Baru lima menit yang lalu nyawa Ganendra beralih pada dunia mimpi. Tapi sekarang mata besarnya terpaksa harus termbuka lagi karena ponsel yang diletakkan di nakas samping ranjang rumah sakit bergetar.
Ganendra menghela. Meregangkan sedikit tubuhnya yang kaku sebelum mengambil ponsel canggih berplitur hitam metalik keluaran terbaru tersebut.
Dengan sebelah mata yang masih terpejam, dan sebelahnya lagi terbuka setengah, Ganendra melirik pada layar berkedip yang menampilkan nama si penelfon.
"Soon To Be Wife 💜"
Melihat cetakan nama si penelfon dilayar ponsel, mata besar Ganendra yang semula tertutup sebelah, kini terbuka dua-duanya. Mulutnya bahkan ikutan menganga di belakang dekapan telapak tangan.
"MasyaAllah..." Dewa batinnya berujar histeris.
Hanya sekedar membaca namanya tertera di layar ponsel saja, kesadaran Ganendra yang tadinya tinggal 5% berubah menjadi 612%. Belum lagi jantung Ganendra sudah seperti bedug yang ditabuh waktu malam takbiran. Berisik bukan main.
Ganendra menghela nafas untuk menetralkan sejenak debaran jantung yang menggila. Setelah dirasa cukup, Ganendra menggeser icon terima sehingga panggilan dari si 'Soon To Be Wife💜' nya, terhubung.
"Asslamu'alaikum." sapanya pelan.
Ganendra terpaksa berujar lirih sebab di ranjang masih ada Abigail yang tertidur dengan punggung tangan tertusuk jarum infus.
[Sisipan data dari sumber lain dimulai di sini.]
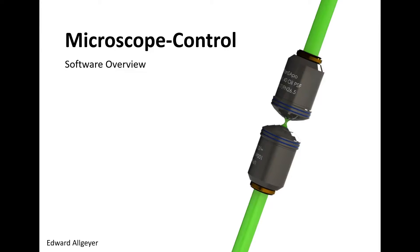This is a short overview of the software we are currently using to control both our 4Pi microscopes, our spinning disk, and our single objective SMS system.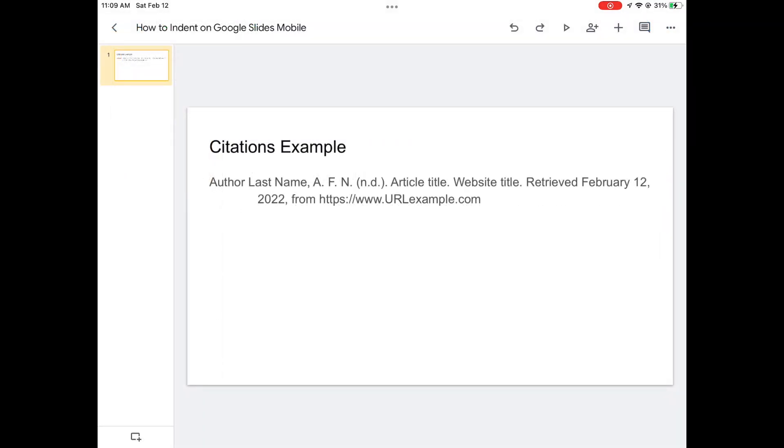So hopefully that cleared up how to make a hanging indent on the Slides and Docs mobile app. If you have any questions, leave them in the comments. If you learned something, please leave a like, maybe share this with anyone who needs some help with this. Thank you everyone for watching, and adios.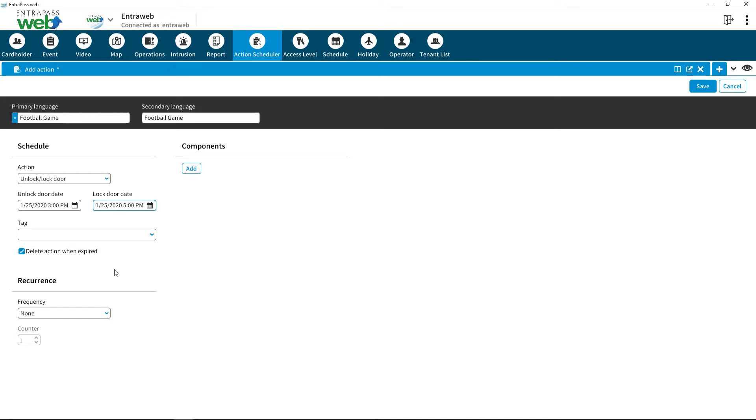Select an appropriate tag to group the Action Scheduler. This allows for easy sorting.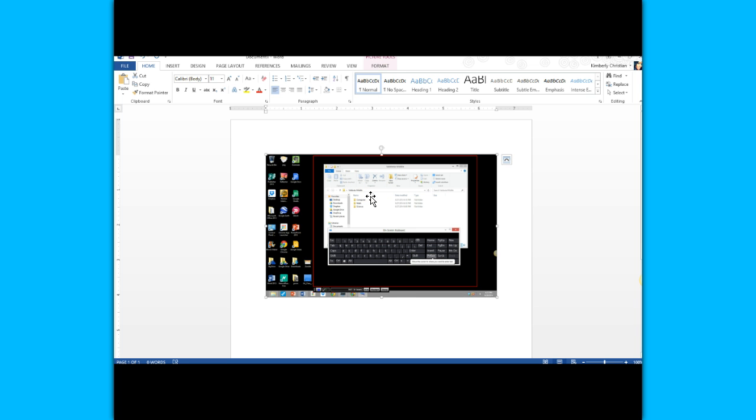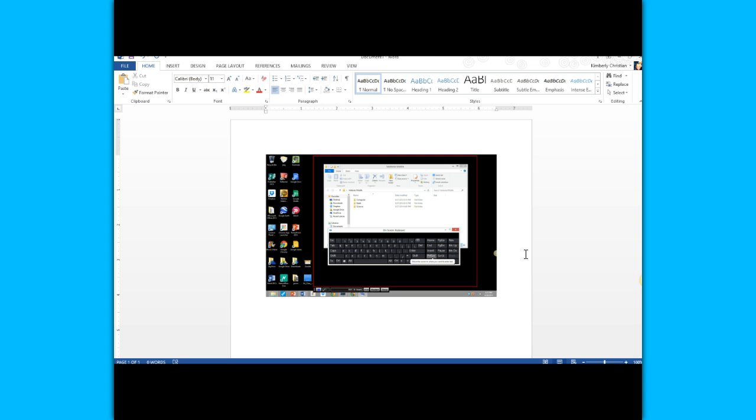The key thing to remember here is to make sure that whatever is on your monitor is what you want to take a picture of before you press the print screen key. This concludes the video tutorial on how to use the print screen key to take a screenshot.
Sementara Bu Sherin tertidur di sofa ditemani dengan FTV 'Cinta Ku Mentok di Kandang Ayam' yang berputar dilayar televisi.
"Wa'alaikumsalam, Mas Ganendra?" balas Soon To Be Wife 💜, a.ka Binar dengan ramah.
Ditengah kemelut hati karena melihat si bujang terbaring sakit, terbersit seberkas cahaya terang menelusup dari celah-celah tulang dada.
Sapaan ramah anak perawan Bu Airin tak pelak membuat senyum malu-malu bak anak gadis tersemat diwajah tampan Ganendra .
"Iya Mba, ini saya Ganendra." ucapnya masih dengan gaya malu-malu. "Ada apa ya Mba, kok tiba-tiba nelfon?" lanjutnya lagi.
Di sambungan lain, Binar terlihat stay cool. Seolah tidak terjadi sesuatu yang berarti dengan dirinya. Padahal, dari awal mendial nomor si duda, jantung Binar sudah seperti dibawa nge-Dj.
Nggak karuan degupnya. Bahkan perutnya terasa penuh dan tergelitik. Seperti ada serangan mendadak dari kolonial kupu-kupu.
Hanya karena Biyu mengawasi gerak-geriknya dari arah meja kerja, maka dari itu Binar bertingkah seolah biasa saja.
"Ah itu...eum, saya cuma mau tanya, kenapa hari ini Abigail nggak ikut sekolah. Apa ada sesuatu dengan Abigail? Maksud saya, eum...apa Abigail sakit? Perasaan saya nggak tenang soalnya," ujar Binar tanpa jeda.
Selama bertemu dengan Binar, baru kali ini anak gadis Bu Airin itu berbicara seperti tengah menghitung volume suatu benda. Panjang x lebar x tinggi. Tentu saja hal itu membuat Ganendra senang bukan main.
Meski dalam konten membicarakan si sulung, tapi Ganendra sudah banyak bersyukur. Ada kemajuan dari jerih payahnya beberapa hari ini.
Ganendra mengulas senyum simpul dengan mata yang terarah pada wajah bulat Abigail. "Iya Mba, Abi sakit. Makanya hari ini nggak ikut Mba Binar ke sekolah. Maaf saya nggak ngubungin Mba Binar sebelumnya," cicit Ganendra lirih.
Tak bisa Ganendra pungkiri, meski ada perasaaan bahagia ketika pujaan hati menelfon, rasa sedih juga masih tersimpan disana setiap kali melihat wajah pucat milik Abigail.
"Nggak apa-apa Mas, jangan merasa bersalah. Toh sekarang saya udah nelfon Mas Ganendra kan?" papar Binar dengan nada lembut yang menenangkan.
Uh!
Nggak tahu saja Binar, kalau dibalik sambungan, Ganendra tengah meremat selimut milik Abigail.
Mendengar nada lembut milik Binar, beban Ganendra rasanya berkurang satu per satu.
"Tapi tetap aja saya nggak enak. Gara-gara saya nggak ngubungin, Mba Binar jadi kepikiran masalah Abi."
"Saya udah nganggap Abi seperti anak saya sendiri. Jadi kalo masalah kepikirin, saya rasa itu wajar."
Perkataan Binar membuat Ganendra terdiam. Mata besarnya mengerjap cepat. "Anak sendiri?" ulangnya.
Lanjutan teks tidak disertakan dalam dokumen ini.